In the six months since Washington state’s retail marijuana stores opened, the state has raked in more than $12 million dollars in revenue from taxes.
That money goes to fund state agencies and programs largely aimed at public health and drug abuse prevention.
But now cities across Washington say they want their share of pot tax revenue and plan to push hard to get it at the state Legislature come January.
The city of Vancouver, Washington, already has two retail marijuana stores with another on the way. At some point, it’s possible the city could have as many as six.
“That’s what our future looks like,” said Vancouver Councilman Jack Burkman. “We’re going to have a number of these.”
He said increasing the prevalence of pot in the city is certain to have a cost.
“We don’t know what all those impacts are, but we believe there are going to be impacts on police, there’s going to be impacts on education,” he said.
In Washington, pot is taxed 25 percent at each level of sale: from grower to processor, then from processor to retailer and finally from retailer to the customer, who also pays sales tax.
The latest forecast shows Washington’s retail marijuana industry is projected to bring in nearly $700 million in revenue for the state by 2019.
Despite all the tax paid to the state, Burkman said the city only gets about 1 percent of the final sales tax. That’s no different from what it would get on most retail transactions.
“So for all this new business. For all the risks inherent and the unknowns in this what used to be illegal product, we can get a little bit of money, but not much and a huge amount goes to the state,” Burkman said. “Cities should get a portion of that revenue.”
In February, mayors from more than 100 Washington cities signed a letter to state lawmakers asking for a portion of the revenues from pot.
In the letter, mayors argued that the state needs to share its revenues since “the state is relying on local cities to enforce new marijuana laws.”
Alison Holcomb is the national director of the American Civil Liberties Union’s Campaign to End Mass Incarceration. She’s based in Seattle and wrote Initiative 502, which made recreational pot legal in the state.
“We’re really trying to implement a new way of dealing with marijuana use,” she said.
Holcomb said cities were intentionally left out.
The goal of the initiative, she said, was to fund health-related and drug-prevention programs that have suffered from a lack of state funding.
Under I-502, about 80 percent of the tax revenues from marijuana sales are for health-related programs, while 20 percent is earmarked for the state’s general fund.
“In Washington state there are zero state dollars that go to prevention programs,” she said. “We’re really reluctant to start splitting off revenues for roads and street lights and the kinds of things that city and county council people probably want to spend those revenue dollars on.”
Holcomb said the main cost for cities was criminal enforcement of marijuana laws.

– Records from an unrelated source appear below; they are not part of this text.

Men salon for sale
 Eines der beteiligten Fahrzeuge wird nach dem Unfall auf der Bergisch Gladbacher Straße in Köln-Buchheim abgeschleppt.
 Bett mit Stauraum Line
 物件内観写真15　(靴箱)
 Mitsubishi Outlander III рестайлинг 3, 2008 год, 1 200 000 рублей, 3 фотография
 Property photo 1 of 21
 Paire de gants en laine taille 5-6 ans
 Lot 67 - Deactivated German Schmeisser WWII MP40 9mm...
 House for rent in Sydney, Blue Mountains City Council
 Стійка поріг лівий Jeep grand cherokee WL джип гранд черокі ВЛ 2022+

In 2012, she said, there were more than 5,000 misdemeanor arrests in the state for marijuana possession. Last year, she said there were 120 arrests.
“So it’s hard to see what the increased law enforcement costs is,” Holcomb said. “It looks like it should be a decreased law enforcement cost.”
In Oregon, more than 70 cities have passed tax ordinances on retail pot transactions. That’s despite the fact that Oregon law specifically says that the state gets all tax revenues from marijuana.
In Colorado, local governments receive a portion of the revenues from taxes on retail marijuana.
Earlier this year Washington state’s attorney general said local governments are allowed to ban retail pots stores.
Mark Brown, a lobbyist who represents several southwest Washington cities, said it would be smart for state lawmakers to cut cities in on pot tax revenues.
“There’s already 42 cities in our state that have now already imposed mandatory bans. There are others that are still in moratoriums,” Brown said. “The bottom line is, I think having some of that state revenue available to these cities will be a little bit of an incentive for them to reconsider whether they want to ban it or not.”
Brown points out the more cities with retail operations, the more tax revenue there’s likely to be for the state.
“That assumes that the policy objective is to sell more marijuana,” said Rep. Reuven Carlyle, D-Seattle, who chairs the state House finance committee. “That doesn’t happen to be my policy objective. … I’m not in a hurry, personally as a legislator and as a parent to open marijuana stores on every single corner.”
In the upcoming session, lawmakers are going to need all the money they can find.
The state Legislature is currently in contempt of a court order from the Washington State Supreme Court over education funding.
Lawmakers will need to come up with at least $1.2 billion more for education over the next two years, as well as a plan to fully fund education by 2018.